ADDITIONAL
APPLICATION DOCUMENTS REQUIRED:
The following items of information are to be appended to
this form, each clearly labeled
in the upper right-hand corner, as indicated (Exhibit A,
Exhibit B, Exhibit C):
Exhibit A. Curriculum vitae, which must include
the applicant's education, experience record in pharmacy
practice (in reverse chronological order, most recent first),
and any relevant publications, presentations, and community
service.
Exhibit B. A statement of not more than three typed, double-spaced pages
describing: (1) why the applicant wants to participate in the traineeship and
the applicant's expectations of the traineeship experience; (2) nature and extent
of professional
or personal involvement with persons with acute or chronic pain conditions; (3)
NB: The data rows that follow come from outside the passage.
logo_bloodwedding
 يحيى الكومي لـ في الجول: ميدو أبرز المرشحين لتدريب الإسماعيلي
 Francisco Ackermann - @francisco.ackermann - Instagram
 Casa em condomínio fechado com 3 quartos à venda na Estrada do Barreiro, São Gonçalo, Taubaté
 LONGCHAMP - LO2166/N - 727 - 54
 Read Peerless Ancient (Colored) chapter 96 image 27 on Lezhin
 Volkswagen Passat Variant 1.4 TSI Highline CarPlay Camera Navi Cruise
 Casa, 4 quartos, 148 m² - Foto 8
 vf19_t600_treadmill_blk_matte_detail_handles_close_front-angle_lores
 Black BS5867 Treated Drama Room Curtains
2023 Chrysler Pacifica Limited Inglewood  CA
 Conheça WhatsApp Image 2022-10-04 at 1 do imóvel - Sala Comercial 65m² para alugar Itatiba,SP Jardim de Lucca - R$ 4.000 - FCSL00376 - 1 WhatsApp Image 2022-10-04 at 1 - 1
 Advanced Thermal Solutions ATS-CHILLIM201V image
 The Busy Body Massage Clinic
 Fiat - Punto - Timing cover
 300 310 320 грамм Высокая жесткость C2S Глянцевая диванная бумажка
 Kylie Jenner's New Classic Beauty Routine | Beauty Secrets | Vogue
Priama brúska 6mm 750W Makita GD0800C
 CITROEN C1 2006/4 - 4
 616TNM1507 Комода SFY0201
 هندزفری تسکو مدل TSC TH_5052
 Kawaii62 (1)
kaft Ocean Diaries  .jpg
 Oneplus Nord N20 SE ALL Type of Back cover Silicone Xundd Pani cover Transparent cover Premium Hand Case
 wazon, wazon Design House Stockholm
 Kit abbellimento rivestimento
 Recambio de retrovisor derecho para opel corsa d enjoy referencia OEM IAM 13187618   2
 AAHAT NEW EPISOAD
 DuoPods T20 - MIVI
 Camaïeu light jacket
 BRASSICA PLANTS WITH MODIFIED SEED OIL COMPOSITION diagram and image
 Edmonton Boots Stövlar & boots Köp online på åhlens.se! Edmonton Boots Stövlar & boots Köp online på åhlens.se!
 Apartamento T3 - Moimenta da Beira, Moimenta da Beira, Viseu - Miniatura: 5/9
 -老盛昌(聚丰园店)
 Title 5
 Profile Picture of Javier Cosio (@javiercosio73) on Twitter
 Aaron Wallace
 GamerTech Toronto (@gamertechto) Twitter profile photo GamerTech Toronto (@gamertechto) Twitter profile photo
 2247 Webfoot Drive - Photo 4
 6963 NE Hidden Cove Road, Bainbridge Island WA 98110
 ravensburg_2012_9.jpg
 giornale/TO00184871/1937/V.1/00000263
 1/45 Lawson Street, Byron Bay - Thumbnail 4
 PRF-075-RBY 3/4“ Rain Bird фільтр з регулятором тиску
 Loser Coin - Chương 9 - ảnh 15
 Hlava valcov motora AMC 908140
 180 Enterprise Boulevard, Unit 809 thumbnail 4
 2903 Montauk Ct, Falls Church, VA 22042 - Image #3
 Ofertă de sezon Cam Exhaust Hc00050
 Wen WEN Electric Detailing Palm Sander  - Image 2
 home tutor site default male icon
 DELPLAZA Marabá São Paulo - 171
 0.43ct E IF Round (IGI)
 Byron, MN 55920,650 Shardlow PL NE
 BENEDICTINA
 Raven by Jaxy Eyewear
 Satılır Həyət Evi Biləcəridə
current level of clinical services provided by the applicant, including total
number of patients served, geographic distribution (urban, rural, suburban),
and ethnic distribution (Black, White, Hispanic, Asian/Pacific Islander, American
Indian/Eskimo/Aleut); (4) special services or programs provided by the applicant;
(5) how the traineeship will enhance the pharmacy services currently provided;
and (6) how the results of the traineeship experience will be incorporated into
the applicant's practice.
Exhibit C*. A letter from the applicant's employer or affiliated institution
or organization confirming support for the applicant's participation in the traineeship
and willingness to implement the results of the traineeship experience. The letter
should be addressed to the applicant and signed by the chief executive officer,
director of pharmacy, clinical coordinator, or other appropriate manager/supervisor
in the institution or organization.
*If
the applicant is self-employed, this exhibit may be omitted.